Survol rapide du feuilleton de l’été grenoblois

Publié le 8 septembre 2010

Pour celles et ceux qui n’ont pas pu suivre les évènements de cet été à Grenoble, en voici un résumé à grands traits.

  • Dans la nuit du 15 au 16 juillet, deux braqueurs armés vident la caisse du casino d’Uriage ; ils sont pris en chasse jusqu’à la Villeneuve par la police, Karim Boudouda, l’un des deux malfaiteurs est abattu, au pied de son immeuble, galerie de l’Arlequin. Les nuits suivantes un groupe de jeunes a réagi violemment en caillassant deux trams et en mettant le feu à des dizaines de voitures stationnées dans la Villeneuve.
  • Le Gouvernement a organisé une réponse disproportionnée de la part des forces de police et de gendarmerie, notamment avec le survol plusieurs nuits de suite du quartier par un hélicoptère éclairant violemment l’intérieur des logements et empêchant les habitants de dormir. De plus le quartier a été bouclé plusieurs jours avec fouille corporelle aux entrées. Le tram a été arrêté, un service de bus a pris le relais en évitant de traverser le quartier. Lorsque le tram a été remis en circulation, il n’a fonctionné durant des semaines qu’à partir de 7 heures le matin pour s’interrompre à 20 h 00 le soir, ce qui a contribué à l’isolement du quartier.

  • Le maire a réitéré son ancienne demande « d’un Grenelle de la sécurité urbaine » réunissant les ministres intéressés, les élus à travers leurs associations et les préfets afin qu’une stratégie commune soit élaborée notamment en terme d’affectation de moyens.
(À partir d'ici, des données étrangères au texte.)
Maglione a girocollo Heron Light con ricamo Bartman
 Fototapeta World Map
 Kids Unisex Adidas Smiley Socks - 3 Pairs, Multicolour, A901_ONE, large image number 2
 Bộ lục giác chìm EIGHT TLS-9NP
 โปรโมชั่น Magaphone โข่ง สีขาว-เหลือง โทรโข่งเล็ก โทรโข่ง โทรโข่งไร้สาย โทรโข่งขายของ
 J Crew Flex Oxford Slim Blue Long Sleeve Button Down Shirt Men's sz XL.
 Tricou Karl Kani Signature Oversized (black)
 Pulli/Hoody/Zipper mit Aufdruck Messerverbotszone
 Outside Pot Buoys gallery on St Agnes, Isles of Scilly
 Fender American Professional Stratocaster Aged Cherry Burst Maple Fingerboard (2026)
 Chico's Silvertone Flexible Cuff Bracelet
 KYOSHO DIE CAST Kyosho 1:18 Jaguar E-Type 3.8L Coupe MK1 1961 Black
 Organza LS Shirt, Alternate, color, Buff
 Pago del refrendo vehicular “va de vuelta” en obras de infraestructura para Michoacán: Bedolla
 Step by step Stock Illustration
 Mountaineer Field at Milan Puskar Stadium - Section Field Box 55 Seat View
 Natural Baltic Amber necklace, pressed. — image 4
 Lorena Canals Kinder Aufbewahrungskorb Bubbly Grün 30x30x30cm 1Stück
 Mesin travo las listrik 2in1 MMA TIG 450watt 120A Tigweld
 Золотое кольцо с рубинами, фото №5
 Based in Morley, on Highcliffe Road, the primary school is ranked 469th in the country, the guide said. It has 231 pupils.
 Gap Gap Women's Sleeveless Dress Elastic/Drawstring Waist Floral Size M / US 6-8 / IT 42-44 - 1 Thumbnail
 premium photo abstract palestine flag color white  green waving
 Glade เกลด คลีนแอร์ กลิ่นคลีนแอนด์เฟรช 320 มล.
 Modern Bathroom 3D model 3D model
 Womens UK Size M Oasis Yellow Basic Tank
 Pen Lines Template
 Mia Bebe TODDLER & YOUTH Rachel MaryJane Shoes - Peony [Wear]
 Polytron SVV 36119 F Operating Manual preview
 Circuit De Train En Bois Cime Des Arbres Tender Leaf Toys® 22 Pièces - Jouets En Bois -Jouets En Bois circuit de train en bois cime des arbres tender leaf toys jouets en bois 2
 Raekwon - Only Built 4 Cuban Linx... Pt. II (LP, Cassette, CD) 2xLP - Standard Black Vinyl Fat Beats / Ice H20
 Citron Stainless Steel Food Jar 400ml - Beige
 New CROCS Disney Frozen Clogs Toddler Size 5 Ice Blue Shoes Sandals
Cette demande va faire flop, n’étant pas adaptée face à l’offensive gouvernementale.
  • La réponse de Sarkozy est, comme à l’habitude et pour la nième fois, de déclarer sans la faire la guerre à la délinquance et de déployer un arsenal d’annonces médiatiques lourdes (limogeage de l’ancien préfet, déplacement présidentiel le 30 juillet à Grenoble pour installer le nouveau préfet-policier…) qui a pour résultat la stigmatisation du quartier de la Villeneuve en transformant ce qui s’est passé en affaire nationale de la première importance.
  • Le 30 juillet, N. Sarkozy débarque à Grenoble, le centre ville est complètement bouclé avec des tireurs d’élite sur les toits, les habitants du centre ville se demandent ce qui arrive. A l’Hôtel de Police, on l’apprendra plus tard, le maire est pris à partie par le Président de la République, mais il n’en dira rien. A la Préfecture c’est le discours inacceptable remettant en cause les fondements même de la République (tri des Français suivant leur origine, assimilation entre immigration et délinquance). Pas un élu présent ne protestera immédiatement ou se retirera. Au même moment 400 personnes, à l’appel d’associations de syndicats et de mouvements politiques, manifestent contre la venue de Sarkozy et sa politique tout-sécuritaire.
  • Il s’avère que dans sa stratégie de préparation des présidentielles, N. Sarkozy avait prévu une offensive sécuritaire à l’automne pour essayer de regagner des voix de l’extrême droite et redresser sa situation politique très mauvaise. Il a odieusement profité des évènements de la Villeneuve pour accélérer cette stratégie et, en même temps, tenter de faire oublier le feuilleton des affaires politico-financières (affaire Woerth-Bettencourt) dans lesquelles il trempe avec son gouvernement.
  • La droite locale UMP, avec la réapparition de Carignon (qui fait des piges chez Hortefeux), essaye de profiter de cette déferlante médiatique pour faire entendre sa voix en réclamant au maire plus de vidéosurveillance, plus de police municipale, plus de répression mais sans jamais s’interroger sur le pourquoi de cette situation et surtout sans questionner l’inefficacité des politiques gouvernementales depuis 8 ans menées par N. Sarkozy. Bien entendu elle ne propose rien en termes de prévention. L’ancien maire corrompu est intervenu dans les médias locaux, la veille du jour où, dans le plus grand secret, était lancée une opération d’interpellation dans le quartier de la Villeneuve, au moment où le ministre de l’intérieur se déplace pour annoncer la création d’un GIR «départemental». Cette opération a été un fiasco complet.
  • Le ministre Estrosi (qui bénéficie de deux logements de fonction à Paris), aidé par son homme de main F. de Sans Nicolas, demande que les maires, notamment M. Destot, qui n’en font pas assez pour la sécurité soient sanctionnés, ce qui fait réagir de nombreux élus de tous bords.
  • Durant tout l’été des visites de ministres se sont succédées pour maintenir une focalisation sur Grenoble et la Villeneuve, avec la palme à B. Hortefeux qui n’a pas arrêté ses allers-retours et ses parades locales avec les policiers ; avec la mise en place d’un GIR départemental (police, gendarmerie, douane et services fiscaux) qui devrait s’attaquer notamment à l’économie parallèle.
  • L’analyse du déroulement précis des évènements de cet été, avec notamment la réapparition du corrompu, spécialiste des coups tordus, démontre qu’il s’agit de la part de N. Sarkozy et du Gouvernement d’un coup monté pour essayer de regagner la confiance des électeurs et de faire de Grenoble un test national. Pour l’instant il ne semble pas que les résultats soient à la hauteur attendue.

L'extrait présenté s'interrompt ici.